L E T T E R S    T O    T H E    E D I T O R

IAS officers often become rubber stamps

Nepotism, misgovernance and corruption are the hallmarks of our present-day civil services. Officials in the upper echelons of the societal set-up are fostering all these ingredients into the system (the editorial 'IAS in crisis', August 7).

The editorial unequivocally states that “politicians in power in states, cutting across party lines, tend to misuse civil and police officials for furthering their financial and electoral interests, and it is easy to manage state officers.” The basic idea of establishing the IAS was to strengthen cohesion and national unity. Young aspirants are expected to have a wide knowledge of our culture and heritage.

Unfortunately, most IAS officers fall prey to the bait of petty considerations like plum postings, state of choice and attractive assignments, becoming rubber stamps in the hands of politicians. Young officers are not protected. They are disillusioned and hence leave the job. Like the judiciary, the control and posting of IAS officers should be given to an independent organ of the government to check political inference. Mahatma Gandhi once said, "I will not let anyone walk through my mind with their dirty feet.''


Farmers' displacement

Sikh farmers are being discriminated against in various parts of the country. Their lands are being snatched in Gujarat. Such incidents were also reported from Haryana in the past. Can a country rise militarily and economically if it treats its soldiers and farmers in such unfortunate ways? India has failed to preserve the importance of Lal Bahadur Shastri's slogan "Jai Jawan, Jai Kisan", made in 1965.


Delhi-Lahore bus

Recently, activists of the Youth Congress disrupted the Delhi-Lahore bus (Sada-e-Sarhand) on the Amritsar-Attari road to protest the killing of five soldiers by the Pakistan army in the Poonch sector. This is not the proper way of expressing one's anger. To show black flags and raise slogans against the Pakistan government in front of bus passengers is useless. We should not create law and order problems; rather leave it for the Indian government to tackle such problems on its own. We have a right to protest peacefully.


Join rural postings

This refers to the editorial 'Rural health care' (August 10). India's rural population, nearly 66 per cent of the total population, is lacking in medical facilities. Our young doctors are unwilling to join their rural posting. Their prime duty must be to safeguard their patients. Only female doctors must not be posted in rural areas as they face problems of safe accommodation.

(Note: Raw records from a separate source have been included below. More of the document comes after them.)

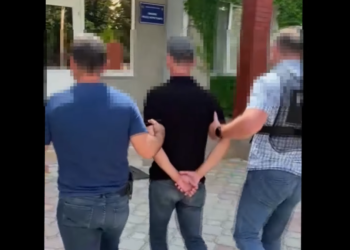 Polițiștii au reținut un complice în cazul omorului din raionul Sîngerei: Acesta s-a dovedit a fi fratele principalului suspect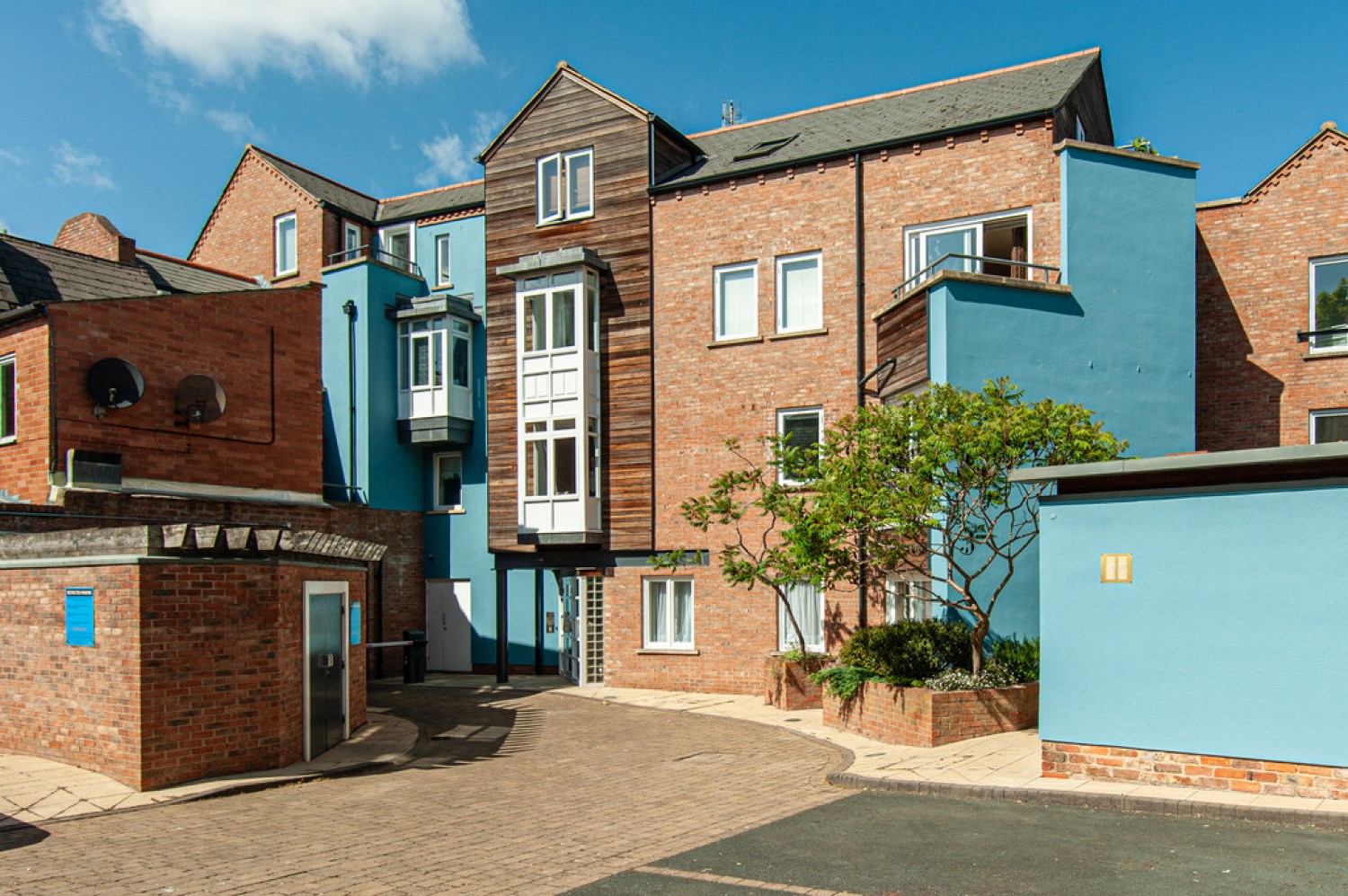 2 bedroom Flat for Letting St Denys Court, St Denys Road, York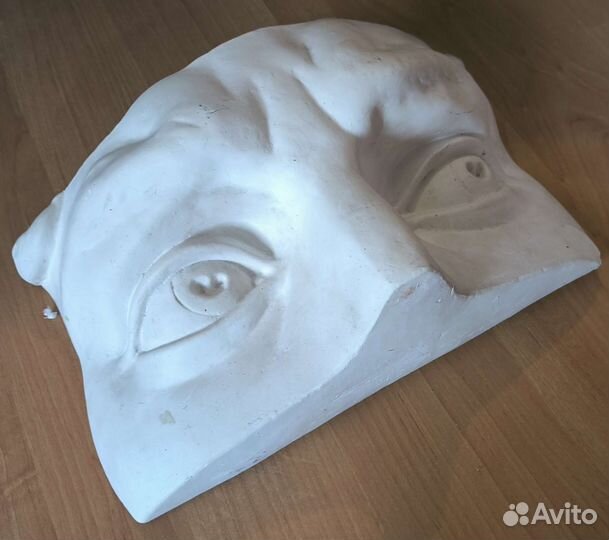 Мольберт, гипсовые фигуры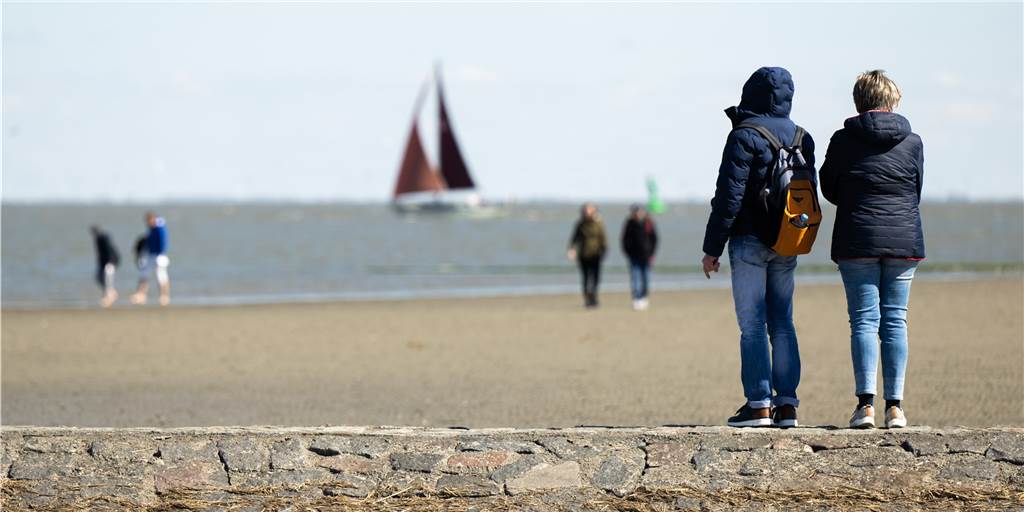 Von Dortmund in unter 6 Stunden ans Ziel - was kann das 9-Euro-Ticket? Mit dem 9-Euro-Ticket von Dortmund an den Strand? Das geht sogar in unter sechs Stunden.
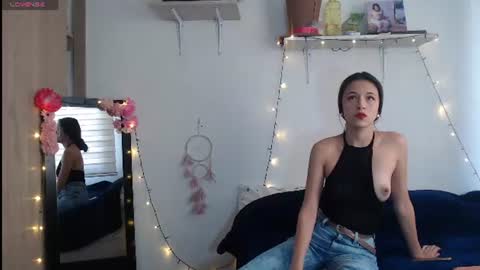 Snapshot of jia_miller02 chatting on July 29, 9:46 pm Emma online show from July 29, 9:46 pm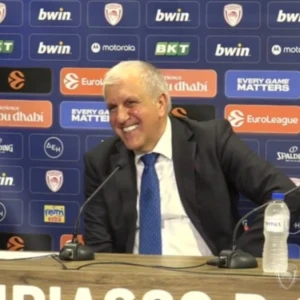 Ο Ζέλικο Ομπράντοβιτς διόρθωσε τον team manager του Ολυμπιακού στα ελληνικά! (Video)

The government should provide adequate staff, labs, infrastructure, clean environment, electricity and water supply and recruit medical staff for PHCs and CHCs if it wants doctors to serve in the rural areas.


Army hands tied

If they killed five of our soldiers, our Army is capable of doing so but their hands are tied by our politicians. Our politicians do not even realise the consequences their statements will have on the nation as such. All they realise is their personal and regional interests, which often reflect their greed. Let us stop this negativity forthwith and pay heed to our national interests above everything, else we perish.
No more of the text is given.